Vikary unterbrach sein würdevolles Schreiten, wandte sich um und sah Dirk fragend an.
»Bisher habe ich mich mühsam zurückgehalten«, platzte Dirk heraus. »Und ich will auch gern glauben, daß dies alles für Sie von enormer Wichtigkeit ist. Schließlich ist es ihre Forschungsarbeit. Aber ich hätte gerne einige Fragen beantwortet bekommen — und zwar sofort.« Er hob die Hand und zählte die Fragen an den Fingern ab.
»Wer ist Lorimaar? Was wollte er? Und warum muß ich vor ihm geschützt werden?« Gwen erhob sich ebenfalls.

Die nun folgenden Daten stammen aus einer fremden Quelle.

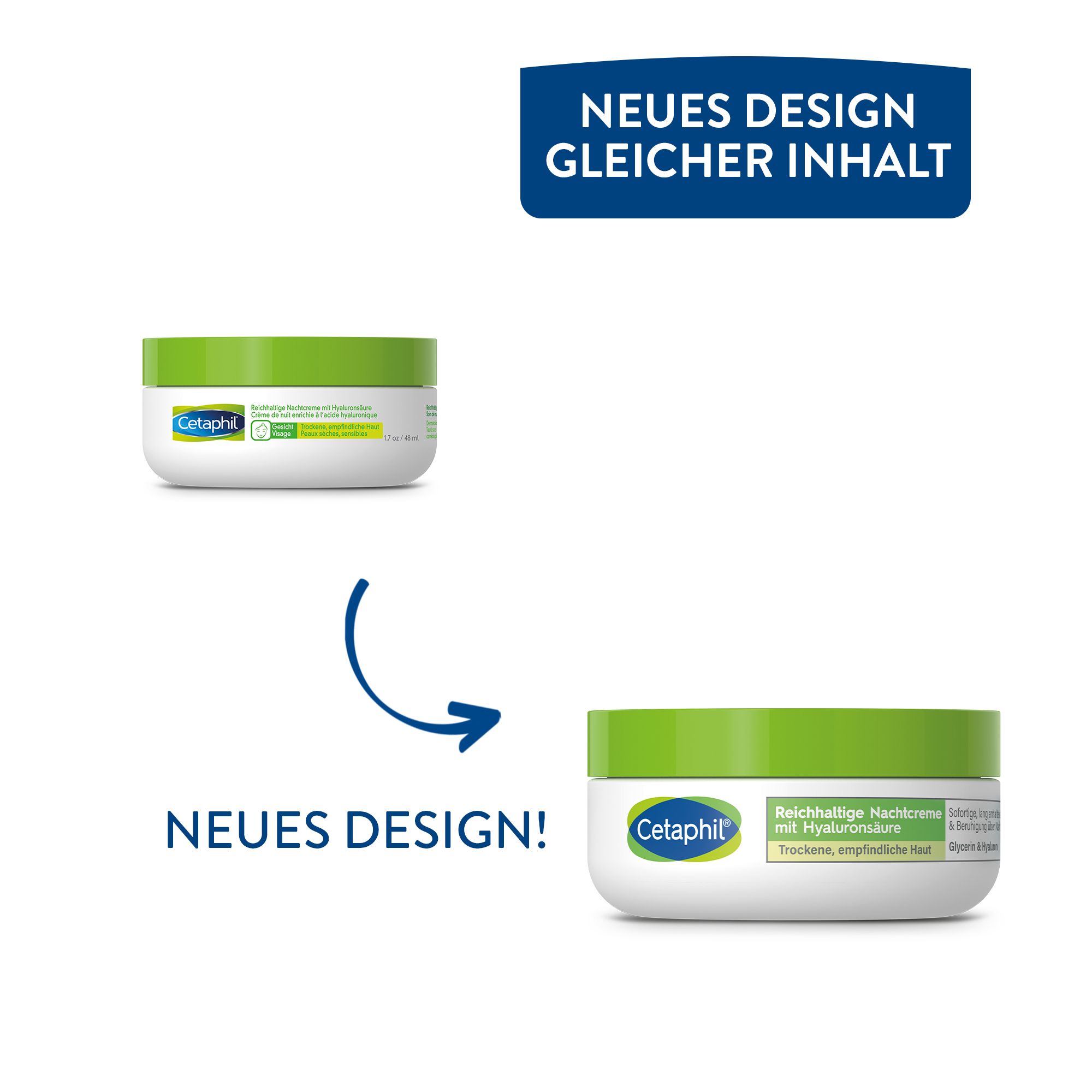 CETAPHIL Reichhaltige Nachtcreme mit Hyaluronsäure für trockene Gesichtshaut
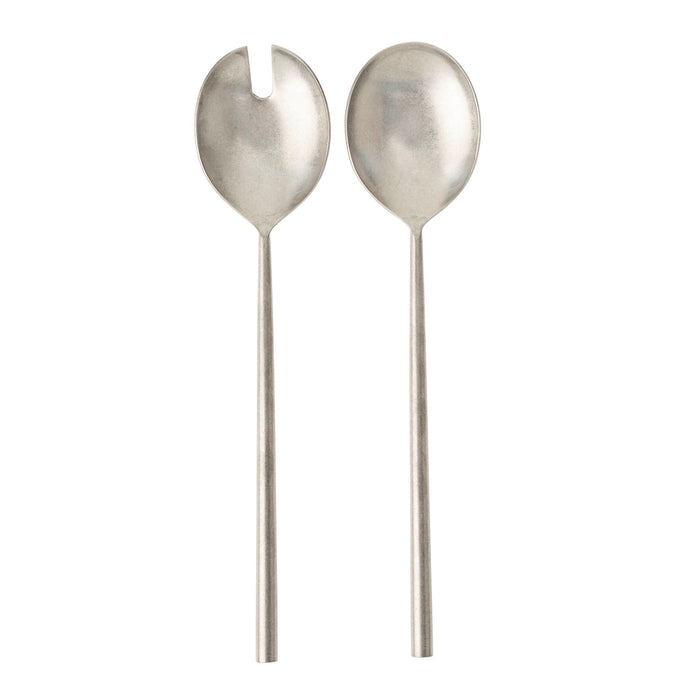 Indaba Tides Salad Servers Set of 2 - Tumbled Stainless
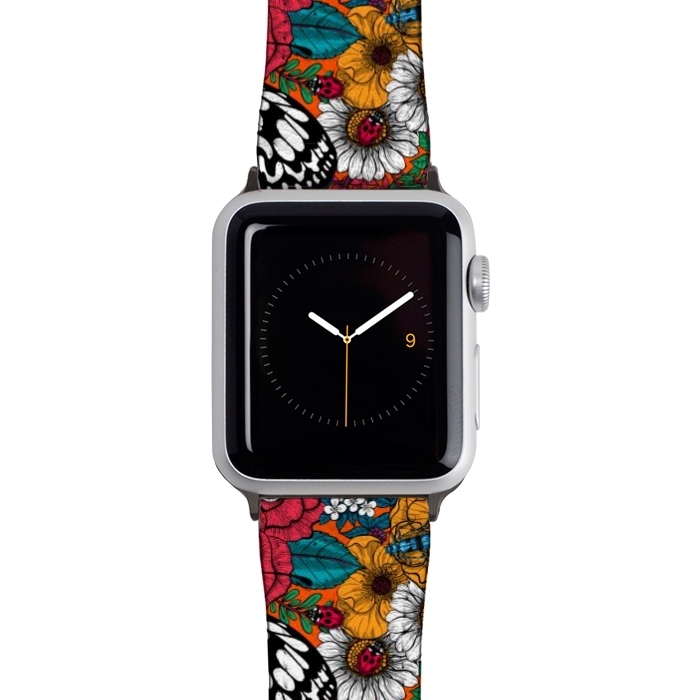 Watch 42mm / 44mm Strap PU leather A colorful garden by Katerina Kirilova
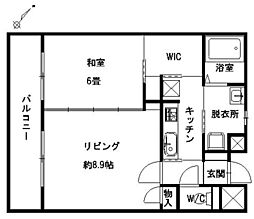 リンデン東薬院 1LDKの間取図画像
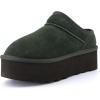 image:imageCUSHIONAIRE Huggy2 Platform Slippers for Women Cozy Genuine Suede SlipOn Ankle Boots for Indoor Outdoor Wear Womens SlippersForest Green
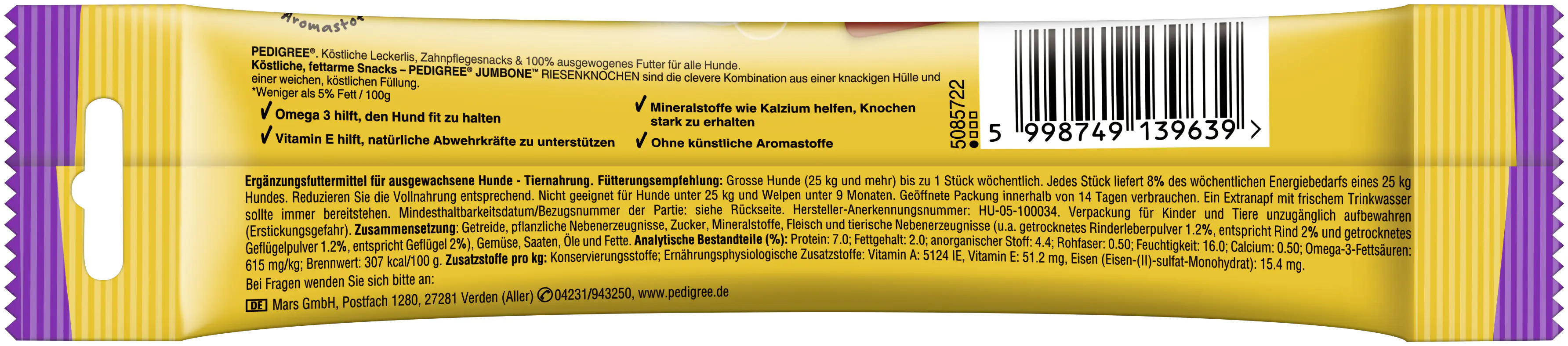 Pedigree Hundesnack Jumbone Riesenknochen mit Rind und Geflügel Pedigree Hundesnack Jumbone Riesenknochen mit Rind und Geflügel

»Dirk«, begann sie, »Jaan liefert dir doch nur die Hintergrundinformationen, die du zum Verständnis der Sachlage benötigst. Sei nicht so …«
»Nein!« Vikary brachte sie mit einer Handbewegung zum Schweigen. »Nein, t’Larien hat recht, ich werde immer zu enthusiastisch, wenn ich von diesen Dingen rede. Deshalb werde ich Ihnen jetzt direkt antworten«, sagte er und wandte sich wieder Dirk zu. »Lorimaar ist ein äußerst konservativer und den Traditionen verbundener Kavalare. Er ist derart konservativ, daß er nicht mehr in die Gesellschaft paßt und selbst auf Hoch Kavalaan ein Außenseiter ist. Er kommt aus einem anderen Zeitalter. Erinnern Sie sich an den gestrigen Morgen, als ich Ihnen meine Anstecknadel gab? Als Garse und ich unsere Besorgnis zum Ausdruck brachten, was Ihre Sicherheit nach Tagesanbruch betrifft?« Dirk nickte. Er faßte an seinen Kragen und berührte die sorgfältig angesteckte Nadel. »Ja.«
»Lorimaar Hoch-Braith und andere seiner Art waren der Anlaß für unsere Besorgnis, t’Larien. Die Gründe hierfür sind nicht einfach zu erklären.«
»Vielleicht sollte ich es einmal versuchen«, warf Gwen ein. »Durch die Jahrhunderte hindurch haben sich die hochleibeigenen Kavalaren, die Angehörigen des Festhaltvolkes, immer gegenseitig geachtet… O ja, sie kämpften und trugen so viele Kriege aus, daß über zwanzig Festhalte und Koalitionen völlig zerstört wurden und nur die vier großen Festhalte der heutigen Zeit übrigblieben. Dennoch, trotz Haß und Gewalt respektierten die feindlichen Parteien einander als Menschen, die den Regeln des Hochkrieges und dem kavalarischen Duellkodex unterworfen waren. Aber es muß noch andere gegeben haben, verstehst du — ver-sprengte Leute in den Bergen, Menschen, die unter den Ruinenstädten lebten, Bauern. Das sind nur Vermutungen von uns, aber es liegt auf der Hand, daß solche Leute existiert haben. Diese Überlebenden außerhalb der Bergwerkssiedlungen, die sich zu Festhalten wandelten, wurden von den Hochleibeigenen nicht als Männer und Frauen ihrer Art anerkannt, nicht einmal als Menschen zweiter Klasse. Jaan hat manches aus der geschichtlichen Entwicklung ausgelassen, verstehst du … Oh, nicht so ungeduldig, mein Lieber. Ich weiß, die überlieferte Geschichte reicht weit zurück und wurde sehr knapp zusammengefaßt, aber die hier aus- gesprochenen Einzelheiten sind sehr wichtig. Erinnerst du dich, daß die hranganischen Sklavenrassen den drei Dämonen aus den kavalarischen Mythen entsprechen sollen? Nun, der einzige Haken bei der Sache ist, daß es drei Sklavenrassen gibt oder gab, aber vier verschiedene Dämonen. Als die schlimmsten und gefährlichsten Dämonen galten die Spottmenschen.«
Dirk sah fragend auf. »Spottmenschen? Lorimaar nannte mich einen Spottmenschen. Ich dachte, das sei mehr oder weniger so etwas wie ein Nichtmensch.«
»Nein«, sagte Gwen. »›Nichtmensch‹ ist ein allgemein gebräuchlicher Begriff, das Wort ›Spottmensch‹ taucht dagegen nur auf Hoch Kavalaan auf. Sie waren Gestaltwandler, heißt es in den Legenden, Wermenschen und Lügner. Sie konnten jede gewünschte Gestalt annehmen, am häufigsten aber tauchten sie als Menschen auf und wollten die Festhalte infiltrieren. Einmal eingedrungen, konnten sie, als Menschen verkleidet, unerkannt zuschlagen und töten.